Artwork for podcast The Digital Entrepreneur
Why Trusting Your Instincts Can Lead You to Your Passion
10th November 2016 • The Digital Entrepreneur • Rainmaker Digital LLC
00:00:00 00:31:21

Share Episode

Shownotes

This week’s guest is obsessed. She has a burning passion for creating freedom in not only her life but also in the lives of others. She is Raubi Perilli, and she is a Digital Entrepreneur.

In this 32-minute episode, Raubi walks you through her story as a digital entrepreneur:

  • Why she learned to trust her instincts after a particularly challenging experience with a client
  • How she was able to find a balance between client work and creating digital products
  • Why seeing clients excited to receive the work they’ve paid her for gives her the most satisfaction in her business
  • How Raubi plans to keep changing and growing moving forward
  • The simple, but powerful, productivity hack that has helped Raubi focus on work that matters (and that you could implement today)

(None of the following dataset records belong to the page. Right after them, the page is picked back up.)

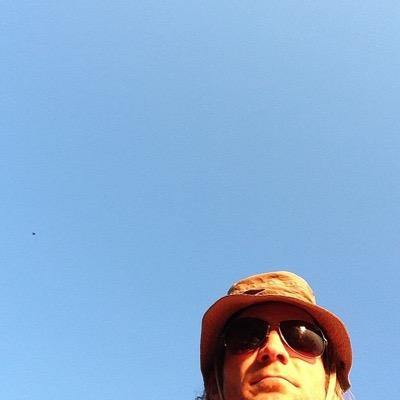 Profile Picture of Chris Metz (@cccchrismetzzzz) on Twitter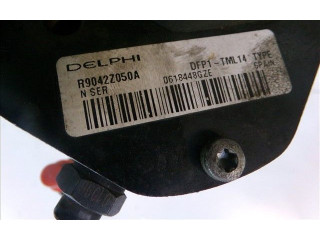 Vstřikovací čerpadlo R9042Z050A Tata Indigo I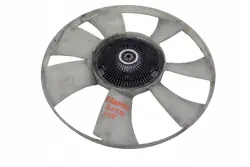 VW CRAFTER 12-16 Kylarrubrik 03L121301A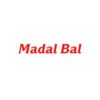 Madal Bal - logo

And more. Plus, Raubi answers my rapid fire questions at the end in which she reveals who she’d have a 30-minute Skype call with if given the chance.

Listen to The Digital Entrepreneur below ...

The Show Notes

The Transcript

Why Trusting Your Instincts Can Lead You to Your Passion

Voiceover: Rainmaker FM. You’re listening to The Digital Entrepreneur, the show for folks who want to discover smarter ways to create and sell profitable digital goods and services. This podcast is a production of Digital Commerce Institute, the place to be for digital entrepreneurs. DCI features an in-depth, ongoing instructional academy, plus a live education and networking summit where entrepreneurs from across the globe meet in person. For more information, go to Rainmaker.FM/DigitalCommerce.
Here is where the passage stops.